Decarbonization needs to happen across many different sectors. We all agree on that. So, what if we had one molecule with a myriad of possibilities for applications? We do. It is hydrogen.
A multi-faceted energy resource and a proven pathway to decarbonization - even in industries which has traditionally been difficult to transform.
Blue hydrogen has the potential to address GHG emissions as a fuel substitute in sectors currently responsible for more than 65% of global emissions. And not only is blue hydrogen a tool to hit low or almost zero emissions it also allows you to keep energy transition costs under control because much of the existing energy infrastructure can be used.

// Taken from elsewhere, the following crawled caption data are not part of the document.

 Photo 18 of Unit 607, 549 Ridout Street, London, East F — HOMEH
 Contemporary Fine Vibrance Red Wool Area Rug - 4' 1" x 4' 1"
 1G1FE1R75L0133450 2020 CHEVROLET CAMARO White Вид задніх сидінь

Source: Kearny Energy Transition report
"With increased scale of hydrogen deployment and subsequent falling costs of hydrogen and various technologies, from a total cost of ownership (TCO), hydrogen could be the most competitive low-carbon solution in more than 20 applications by 2030, including long haul trucking, shipping, and steel".
Here are some exciting options for blue hydrogen to play a vital role in reaching a net-zero future.

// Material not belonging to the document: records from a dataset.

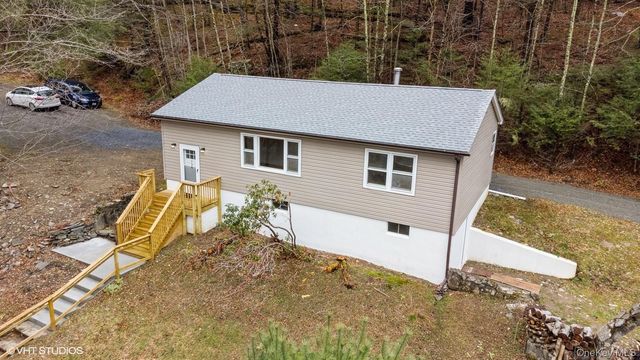 736 State Route 55, Napanoch, NY 12458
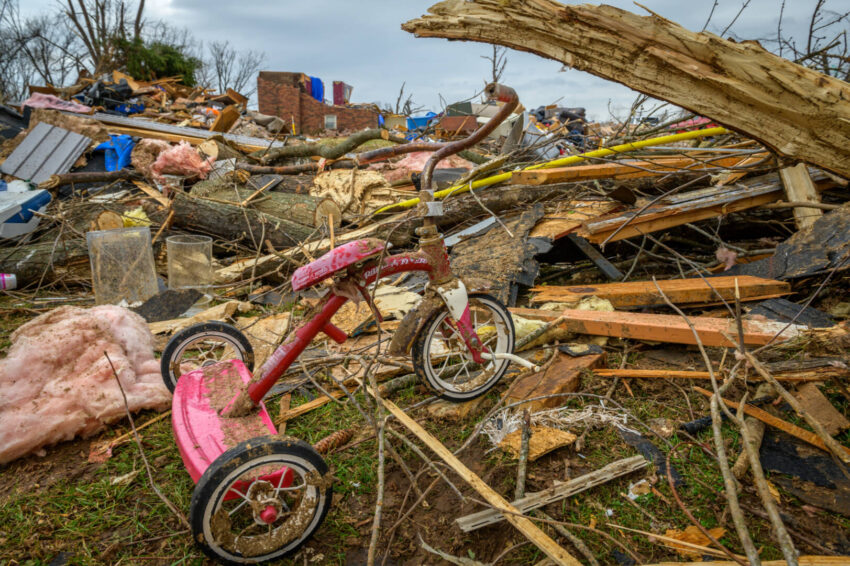 tornadoes-facts-faqs-help-2994.jpg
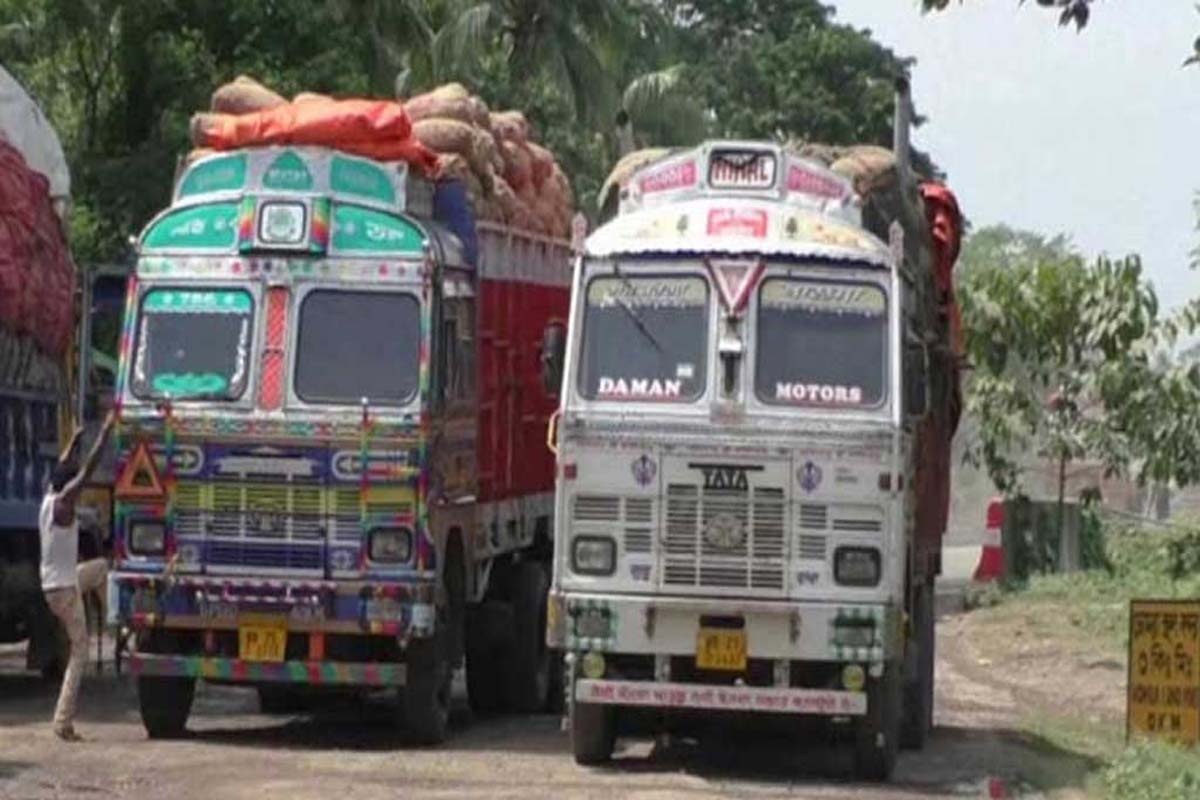 ভারত থেকে ১৬৫০ টন পেঁয়াজ আসছে শুক্রবার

Keeping the mobility sector on track
Let's first define what we mean by mobility. It's every new application that moves people or goods with the use of blue hydrogen. Industries like marine, aviation, road transport, and even space are looking at replacing fossil fuels with blue or green alternatives.
Demand for low-carbon solutions is increasing every day. The number of cars, buses, and trucks on the roads grows yearly and presents massive potential for using hydrogen as a fuel for less GHG emissions. In this segment, fuel cell cost and the availability of refueling stations will be essential for a successful business case.
Shipping and aviation both have opportunities to decarbonize with hydrogen-based fuels. Ammonia and methanol can address the environmental targets in shipping, and sustainable aviation fuel (SAF) is an attractive option for the aviation industry and is widely supported by policies and legislation.
Source: The future of Hydrogen by IEA
Turn on the heat. With hydrogen in buildings and industry.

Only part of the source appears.